WHAT IS REQUIRED: Take the data below and copy exactly the lines starting at the one with "Restaurant/places to eat" and finishing at the one with "A constru&ccedil;&atilde;o da", both included.

AVAILABLE DATA:
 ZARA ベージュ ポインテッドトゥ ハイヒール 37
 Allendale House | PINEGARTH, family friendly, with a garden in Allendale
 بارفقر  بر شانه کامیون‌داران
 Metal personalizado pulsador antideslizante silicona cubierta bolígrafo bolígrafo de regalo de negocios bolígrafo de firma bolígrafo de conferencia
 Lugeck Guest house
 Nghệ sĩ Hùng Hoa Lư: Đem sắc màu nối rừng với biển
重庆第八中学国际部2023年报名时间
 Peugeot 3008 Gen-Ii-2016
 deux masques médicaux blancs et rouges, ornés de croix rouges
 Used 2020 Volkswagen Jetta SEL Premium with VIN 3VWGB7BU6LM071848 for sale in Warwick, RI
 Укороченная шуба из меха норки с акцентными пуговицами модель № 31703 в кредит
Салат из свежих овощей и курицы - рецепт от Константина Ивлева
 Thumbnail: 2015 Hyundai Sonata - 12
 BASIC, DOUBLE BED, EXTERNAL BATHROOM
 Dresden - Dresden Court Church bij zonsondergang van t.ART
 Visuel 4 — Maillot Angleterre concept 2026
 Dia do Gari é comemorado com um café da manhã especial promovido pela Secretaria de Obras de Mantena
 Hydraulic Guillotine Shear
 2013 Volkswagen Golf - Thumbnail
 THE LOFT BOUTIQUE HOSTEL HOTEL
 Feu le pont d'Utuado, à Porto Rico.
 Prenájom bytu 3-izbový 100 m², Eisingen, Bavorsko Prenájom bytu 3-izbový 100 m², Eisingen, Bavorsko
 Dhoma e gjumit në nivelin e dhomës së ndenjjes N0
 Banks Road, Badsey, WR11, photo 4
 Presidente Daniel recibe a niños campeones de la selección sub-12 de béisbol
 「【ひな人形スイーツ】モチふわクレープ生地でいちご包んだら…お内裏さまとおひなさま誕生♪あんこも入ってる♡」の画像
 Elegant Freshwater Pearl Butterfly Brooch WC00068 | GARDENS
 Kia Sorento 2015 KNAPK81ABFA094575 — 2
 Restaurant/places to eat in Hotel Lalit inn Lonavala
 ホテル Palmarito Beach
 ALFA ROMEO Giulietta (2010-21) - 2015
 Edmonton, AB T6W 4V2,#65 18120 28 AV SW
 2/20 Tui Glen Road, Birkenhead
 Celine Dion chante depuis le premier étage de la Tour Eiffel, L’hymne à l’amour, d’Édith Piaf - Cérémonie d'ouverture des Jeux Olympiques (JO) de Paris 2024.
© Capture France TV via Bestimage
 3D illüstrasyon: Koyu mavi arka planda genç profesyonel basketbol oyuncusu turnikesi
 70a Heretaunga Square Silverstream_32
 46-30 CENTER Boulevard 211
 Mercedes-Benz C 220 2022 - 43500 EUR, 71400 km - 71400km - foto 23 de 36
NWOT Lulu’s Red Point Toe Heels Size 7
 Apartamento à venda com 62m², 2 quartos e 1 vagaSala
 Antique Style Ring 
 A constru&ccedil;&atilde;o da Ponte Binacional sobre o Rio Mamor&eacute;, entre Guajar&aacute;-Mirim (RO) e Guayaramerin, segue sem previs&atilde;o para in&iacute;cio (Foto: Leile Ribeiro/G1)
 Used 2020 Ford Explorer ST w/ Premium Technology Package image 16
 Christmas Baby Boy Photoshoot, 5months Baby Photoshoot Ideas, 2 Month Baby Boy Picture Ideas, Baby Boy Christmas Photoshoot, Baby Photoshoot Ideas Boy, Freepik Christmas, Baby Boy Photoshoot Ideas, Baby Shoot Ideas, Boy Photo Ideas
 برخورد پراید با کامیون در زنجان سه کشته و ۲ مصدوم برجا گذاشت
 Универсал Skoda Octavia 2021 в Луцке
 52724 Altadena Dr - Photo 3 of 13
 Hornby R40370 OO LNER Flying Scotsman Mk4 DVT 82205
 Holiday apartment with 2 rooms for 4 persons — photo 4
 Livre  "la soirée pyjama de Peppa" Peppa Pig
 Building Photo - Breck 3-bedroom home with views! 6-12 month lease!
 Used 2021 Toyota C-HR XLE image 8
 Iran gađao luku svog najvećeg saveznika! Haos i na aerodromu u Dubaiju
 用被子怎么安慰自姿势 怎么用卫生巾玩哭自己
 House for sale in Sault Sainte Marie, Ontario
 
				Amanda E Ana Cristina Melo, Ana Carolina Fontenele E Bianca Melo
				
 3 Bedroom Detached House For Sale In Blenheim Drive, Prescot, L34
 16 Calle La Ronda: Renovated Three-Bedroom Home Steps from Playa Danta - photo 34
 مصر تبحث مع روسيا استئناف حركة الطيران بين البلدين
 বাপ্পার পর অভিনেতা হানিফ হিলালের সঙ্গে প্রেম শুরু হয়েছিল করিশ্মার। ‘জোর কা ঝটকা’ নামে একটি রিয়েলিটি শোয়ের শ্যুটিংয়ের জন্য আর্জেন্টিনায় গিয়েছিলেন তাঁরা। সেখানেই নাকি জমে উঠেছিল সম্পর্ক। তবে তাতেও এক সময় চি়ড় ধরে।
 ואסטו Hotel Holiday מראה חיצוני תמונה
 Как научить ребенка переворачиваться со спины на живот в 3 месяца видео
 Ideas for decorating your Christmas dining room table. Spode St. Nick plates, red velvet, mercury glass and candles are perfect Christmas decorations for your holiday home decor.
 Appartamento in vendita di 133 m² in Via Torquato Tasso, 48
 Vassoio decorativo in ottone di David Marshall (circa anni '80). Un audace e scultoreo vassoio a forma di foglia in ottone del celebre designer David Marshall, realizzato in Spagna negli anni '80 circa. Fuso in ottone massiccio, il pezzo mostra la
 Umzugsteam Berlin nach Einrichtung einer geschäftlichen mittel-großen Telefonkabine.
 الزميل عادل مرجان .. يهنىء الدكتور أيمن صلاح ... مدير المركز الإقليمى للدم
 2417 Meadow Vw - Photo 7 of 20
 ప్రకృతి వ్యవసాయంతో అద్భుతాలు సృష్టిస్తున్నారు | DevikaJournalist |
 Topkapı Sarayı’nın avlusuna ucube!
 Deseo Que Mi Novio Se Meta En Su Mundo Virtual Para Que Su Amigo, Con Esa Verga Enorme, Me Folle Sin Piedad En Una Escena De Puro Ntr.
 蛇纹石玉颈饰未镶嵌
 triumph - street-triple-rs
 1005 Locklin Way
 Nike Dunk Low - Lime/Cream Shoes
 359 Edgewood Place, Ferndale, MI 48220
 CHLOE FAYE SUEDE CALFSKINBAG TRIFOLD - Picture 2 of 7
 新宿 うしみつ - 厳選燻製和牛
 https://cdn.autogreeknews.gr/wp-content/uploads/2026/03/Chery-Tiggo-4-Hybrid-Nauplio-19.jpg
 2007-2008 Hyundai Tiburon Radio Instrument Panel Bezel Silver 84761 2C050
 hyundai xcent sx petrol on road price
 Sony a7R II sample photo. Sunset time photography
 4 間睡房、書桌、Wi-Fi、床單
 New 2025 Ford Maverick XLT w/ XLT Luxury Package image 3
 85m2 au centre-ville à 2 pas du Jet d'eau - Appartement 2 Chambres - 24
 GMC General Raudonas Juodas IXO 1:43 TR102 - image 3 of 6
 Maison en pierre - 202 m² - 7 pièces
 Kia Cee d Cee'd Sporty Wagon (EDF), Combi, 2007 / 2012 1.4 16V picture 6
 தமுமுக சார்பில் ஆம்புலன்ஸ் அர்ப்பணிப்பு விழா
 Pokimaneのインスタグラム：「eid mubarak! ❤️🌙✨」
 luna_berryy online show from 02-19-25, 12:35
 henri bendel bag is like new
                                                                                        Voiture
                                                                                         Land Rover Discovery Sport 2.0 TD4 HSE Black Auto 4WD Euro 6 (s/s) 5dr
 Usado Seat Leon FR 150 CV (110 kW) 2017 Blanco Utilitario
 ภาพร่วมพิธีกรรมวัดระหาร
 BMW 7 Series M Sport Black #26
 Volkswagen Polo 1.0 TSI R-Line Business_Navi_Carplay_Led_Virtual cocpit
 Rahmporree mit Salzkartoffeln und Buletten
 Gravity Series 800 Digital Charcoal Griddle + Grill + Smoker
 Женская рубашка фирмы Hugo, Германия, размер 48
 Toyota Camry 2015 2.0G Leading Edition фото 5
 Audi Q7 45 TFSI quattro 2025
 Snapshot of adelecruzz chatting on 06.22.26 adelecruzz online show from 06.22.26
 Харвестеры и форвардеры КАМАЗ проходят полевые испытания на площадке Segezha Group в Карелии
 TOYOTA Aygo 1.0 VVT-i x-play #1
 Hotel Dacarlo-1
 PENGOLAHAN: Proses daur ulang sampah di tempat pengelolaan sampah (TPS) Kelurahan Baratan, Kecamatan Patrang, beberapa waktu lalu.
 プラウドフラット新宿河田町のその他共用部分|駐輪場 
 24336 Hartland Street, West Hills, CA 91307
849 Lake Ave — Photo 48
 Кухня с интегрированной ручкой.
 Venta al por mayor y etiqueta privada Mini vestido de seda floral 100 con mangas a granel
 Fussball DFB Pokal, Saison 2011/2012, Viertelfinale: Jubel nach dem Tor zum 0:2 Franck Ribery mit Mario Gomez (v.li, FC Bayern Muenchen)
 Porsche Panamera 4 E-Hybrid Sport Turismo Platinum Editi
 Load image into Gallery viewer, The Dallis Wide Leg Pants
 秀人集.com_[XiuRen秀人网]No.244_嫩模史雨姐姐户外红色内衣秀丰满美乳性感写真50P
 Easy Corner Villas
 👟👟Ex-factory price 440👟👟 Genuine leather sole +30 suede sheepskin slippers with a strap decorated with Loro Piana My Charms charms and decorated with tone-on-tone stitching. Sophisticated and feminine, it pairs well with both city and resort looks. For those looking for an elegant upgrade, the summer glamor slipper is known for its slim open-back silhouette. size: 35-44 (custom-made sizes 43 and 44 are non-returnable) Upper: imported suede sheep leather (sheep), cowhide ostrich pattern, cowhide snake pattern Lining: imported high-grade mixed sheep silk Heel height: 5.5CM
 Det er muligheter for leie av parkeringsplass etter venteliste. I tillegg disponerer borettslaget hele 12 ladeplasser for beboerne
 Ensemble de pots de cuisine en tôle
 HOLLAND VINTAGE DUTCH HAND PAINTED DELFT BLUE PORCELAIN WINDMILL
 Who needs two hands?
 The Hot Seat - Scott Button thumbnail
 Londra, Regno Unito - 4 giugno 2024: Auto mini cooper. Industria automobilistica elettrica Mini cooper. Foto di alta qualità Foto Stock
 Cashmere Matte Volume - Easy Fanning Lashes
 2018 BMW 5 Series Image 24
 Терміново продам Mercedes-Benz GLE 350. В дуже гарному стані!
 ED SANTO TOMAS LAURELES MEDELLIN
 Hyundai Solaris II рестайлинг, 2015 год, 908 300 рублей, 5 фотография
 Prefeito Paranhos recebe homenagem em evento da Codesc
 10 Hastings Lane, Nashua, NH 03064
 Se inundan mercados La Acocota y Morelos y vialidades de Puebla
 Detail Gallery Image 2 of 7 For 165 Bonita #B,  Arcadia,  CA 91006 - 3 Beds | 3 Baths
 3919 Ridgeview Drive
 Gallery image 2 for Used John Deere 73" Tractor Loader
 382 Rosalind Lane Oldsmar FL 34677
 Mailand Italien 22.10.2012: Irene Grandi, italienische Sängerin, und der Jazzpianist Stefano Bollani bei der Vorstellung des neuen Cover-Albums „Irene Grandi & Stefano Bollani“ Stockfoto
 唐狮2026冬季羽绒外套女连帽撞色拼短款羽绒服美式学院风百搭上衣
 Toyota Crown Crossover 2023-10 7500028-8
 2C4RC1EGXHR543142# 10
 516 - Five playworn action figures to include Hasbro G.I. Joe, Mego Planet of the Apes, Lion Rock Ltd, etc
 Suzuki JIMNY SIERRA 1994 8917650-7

EXERCISE ANSWER:
 Restaurant/places to eat in Hotel Lalit inn Lonavala
 ホテル Palmarito Beach
 ALFA ROMEO Giulietta (2010-21) - 2015
 Edmonton, AB T6W 4V2,#65 18120 28 AV SW
 2/20 Tui Glen Road, Birkenhead
 Celine Dion chante depuis le premier étage de la Tour Eiffel, L’hymne à l’amour, d’Édith Piaf - Cérémonie d'ouverture des Jeux Olympiques (JO) de Paris 2024.
© Capture France TV via Bestimage
 3D illüstrasyon: Koyu mavi arka planda genç profesyonel basketbol oyuncusu turnikesi
 70a Heretaunga Square Silverstream_32
 46-30 CENTER Boulevard 211
 Mercedes-Benz C 220 2022 - 43500 EUR, 71400 km - 71400km - foto 23 de 36
NWOT Lulu’s Red Point Toe Heels Size 7
 Apartamento à venda com 62m², 2 quartos e 1 vagaSala
 Antique Style Ring 
 A constru&ccedil;&atilde;o da Ponte Binacional sobre o Rio Mamor&eacute;, entre Guajar&aacute;-Mirim (RO) e Guayaramerin, segue sem previs&atilde;o para in&iacute;cio (Foto: Leile Ribeiro/G1)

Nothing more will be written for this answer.